PROBLEM STATEMENT
This exercise calls for the line with "W Lesie Z Widokiem", the line with "La neve arriva", and all lines between them in the material below, output exactly and with no other lines.

DATA RECORDS
++++
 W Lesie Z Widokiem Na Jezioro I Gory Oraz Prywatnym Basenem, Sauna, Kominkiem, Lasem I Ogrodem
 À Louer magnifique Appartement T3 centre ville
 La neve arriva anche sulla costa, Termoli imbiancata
++++
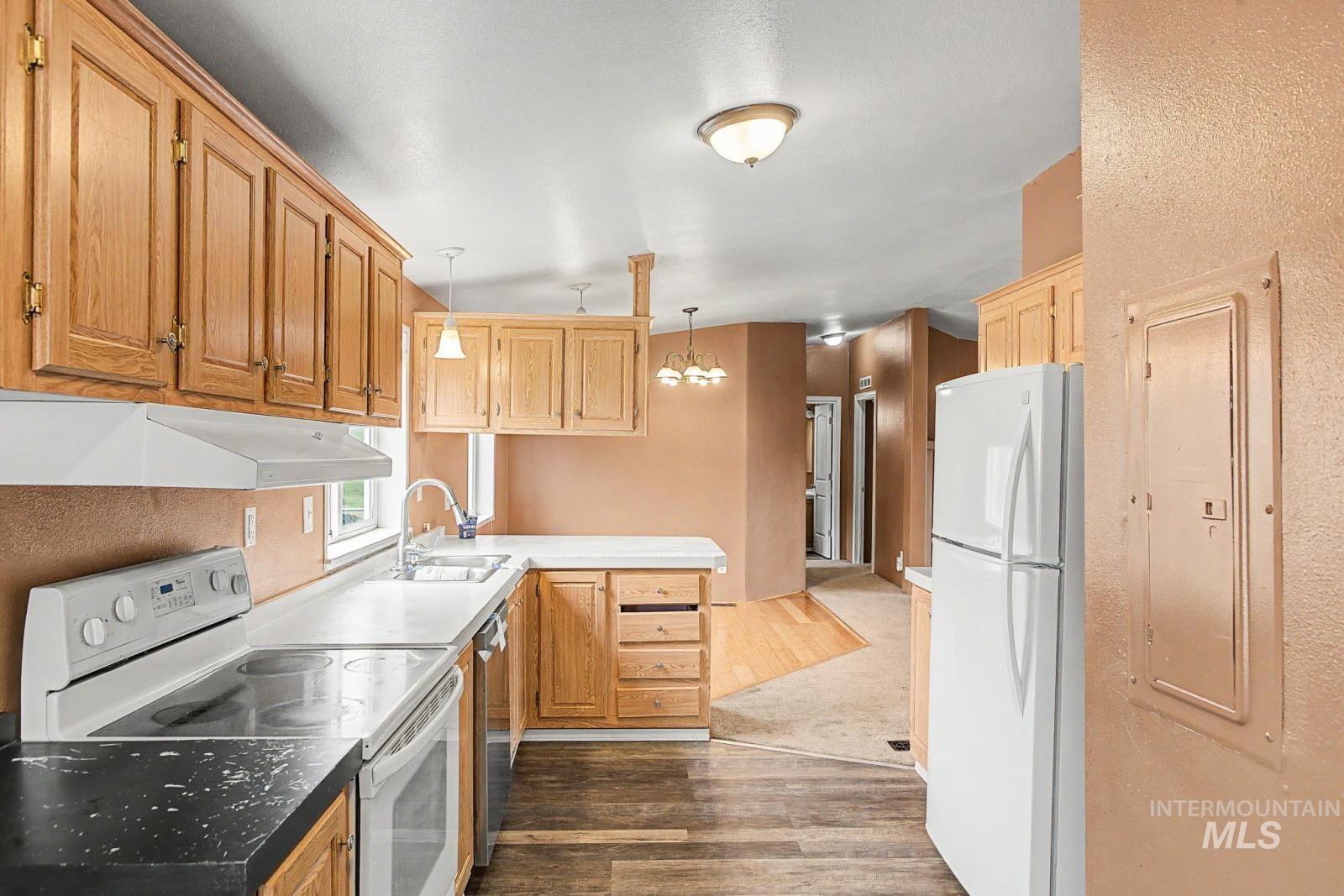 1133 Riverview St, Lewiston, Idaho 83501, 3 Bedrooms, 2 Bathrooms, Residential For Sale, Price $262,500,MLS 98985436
++++
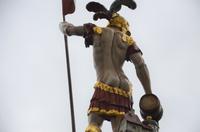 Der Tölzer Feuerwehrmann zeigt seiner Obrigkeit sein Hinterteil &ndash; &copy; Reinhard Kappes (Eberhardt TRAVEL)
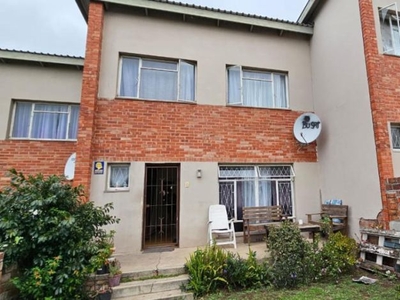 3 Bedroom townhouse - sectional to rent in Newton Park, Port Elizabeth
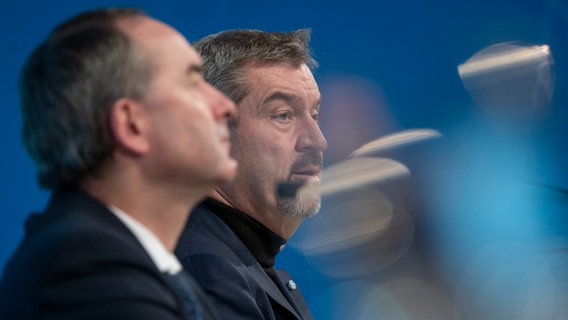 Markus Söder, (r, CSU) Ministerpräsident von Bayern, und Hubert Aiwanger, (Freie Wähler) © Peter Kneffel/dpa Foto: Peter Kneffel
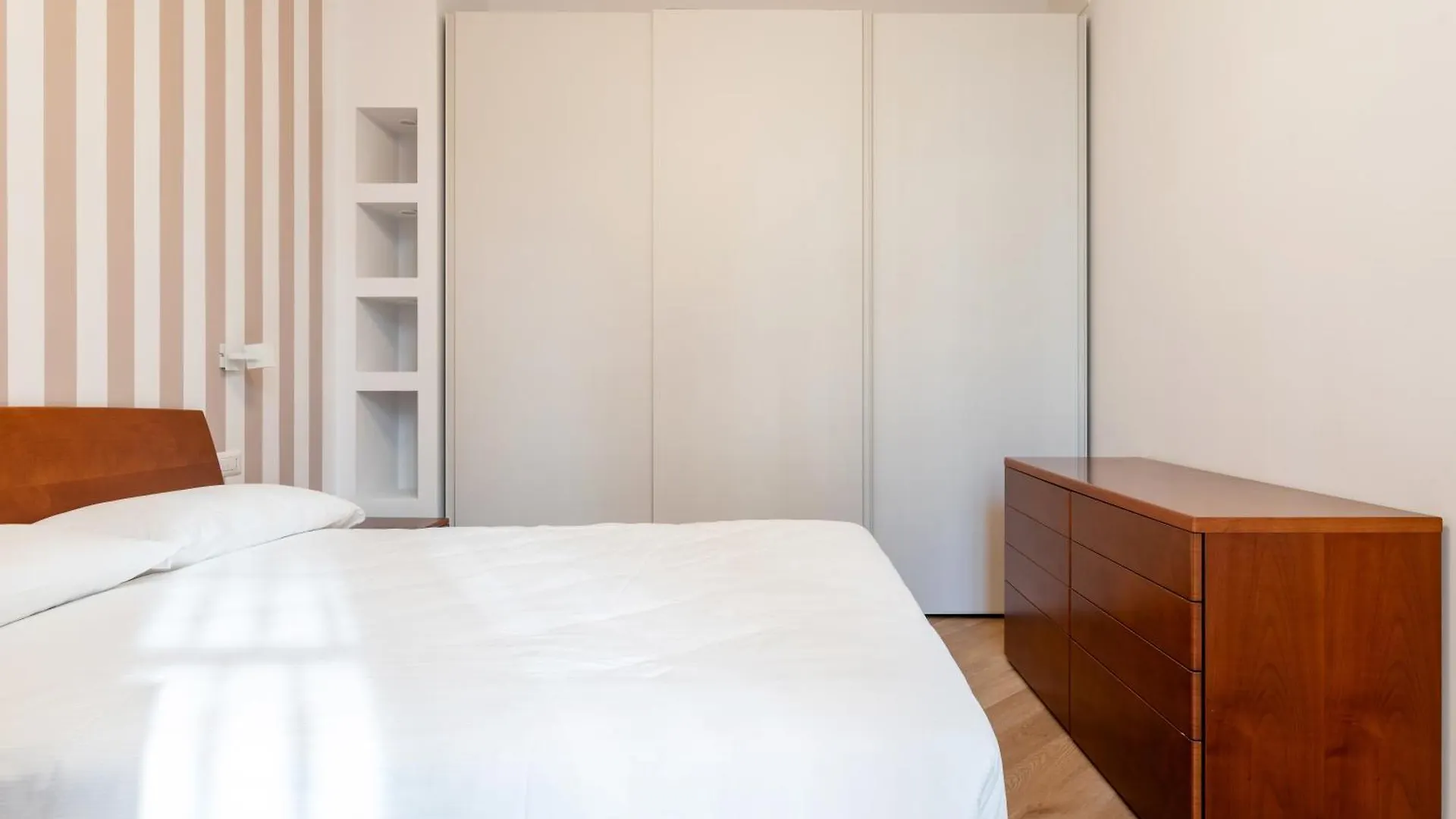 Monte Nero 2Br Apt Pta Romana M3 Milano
++++
RESPONSE FOR THIS EXERCISE
 W Lesie Z Widokiem Na Jezioro I Gory Oraz Prywatnym Basenem, Sauna, Kominkiem, Lasem I Ogrodem
 À Louer magnifique Appartement T3 centre ville
 La neve arriva anche sulla costa, Termoli imbiancata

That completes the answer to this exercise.